What is one wonderful and delicious way to spend your Labor Day weekend on a relaxing trip to the North Shore? Why, making jelly, of course! After we arrived on Saturday morning, Karin took me on a trip around the land on the Gator and we stopped by one apple tree on the way toward the garden to check out the squash and cabbage and potatoes and ….
Well, one thing led to another and before you know it, Karin had very helpfully driven me around to some particularly good apple and crabapple trees and we headed back to the house with bags of our fresh-picked fruit. A quick conference with Helen and Kaare and we were back on the Gator headed down to a few more crabapple trees to pick even more fruit. And Helen went out later and picked a while bunch of really beautiful pink crabapples from a tree she knew about.
When it was all said and done, we took about 45 pounds of apples (or thereabouts) and with some ingenuity, a little hard work, the help of a cooler, strong stick and a clean pillow case (not to mention a small mountain of sugar), we had turned that fruit into 56 jars of apple-crabapple jelly. We had fun coming up with a name (after all, you don’t expect us NOT to christen it, do you?) and think we will hereafter refer to it as:
Hall’s World-Famous Wild Apple Jelly
Made at Cow Hill Cottage
Hall Hill Road
Lutsen, MN
It was a blast. And a little bittersweet, because it reminded me of making jelly or preserves with my Grandma on summer days. Below are some pictures taken from all the fun we had:
Me cleaning crabapples – for what seemed a very long time!

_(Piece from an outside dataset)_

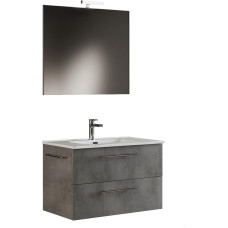 Mama Store ERA 80 sieninė spintelė 80 cm kriauklė, veidrodis ir LED lempa, L 81 x D 47 x H 53 cm, medžio aliuminis, betoninė pilka, P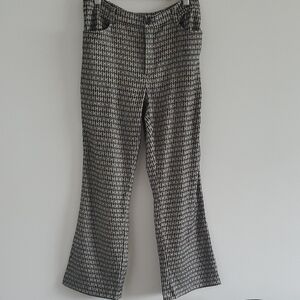 HP Collection Wmns Black and Tan H Patterned Ankle Cropped Flared Pants Sz XS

What a colorful batch of crabapple fruit, huh?
The lovely, rosey-pink crabapples that Helen found and picked.
Helen cleaning and cutting her pink crabapples.
Fruit in the pot, about to get boiled.
Pots of fruit boiling away on the stove to render the needed juice.
The bag of cooked and crushed fruit, draining into a cooler, the only thing we had that was big enough.
The jellymaker and his bag. Dontchaknow a watched bag never drains!
The next day, cooking some juice to make it into jelly.
Jars and lids sterilizing on the stove, jelly cooking in the back.
Adding the sugar to the boiling juice.
Sugar added, the juice bubbling up thick and hot like lava.
Getting the jars out of the boiling water and ready to fill.
The hot, clear crabapple jelly before it gets canned.
Filling the jars with the lucious pink liquid.
Jars that just came out of their hot water bath, cooling and sealing.
The sun shone on the beautiful jars of jelly.
The jellymakers and the delicious product of their labors.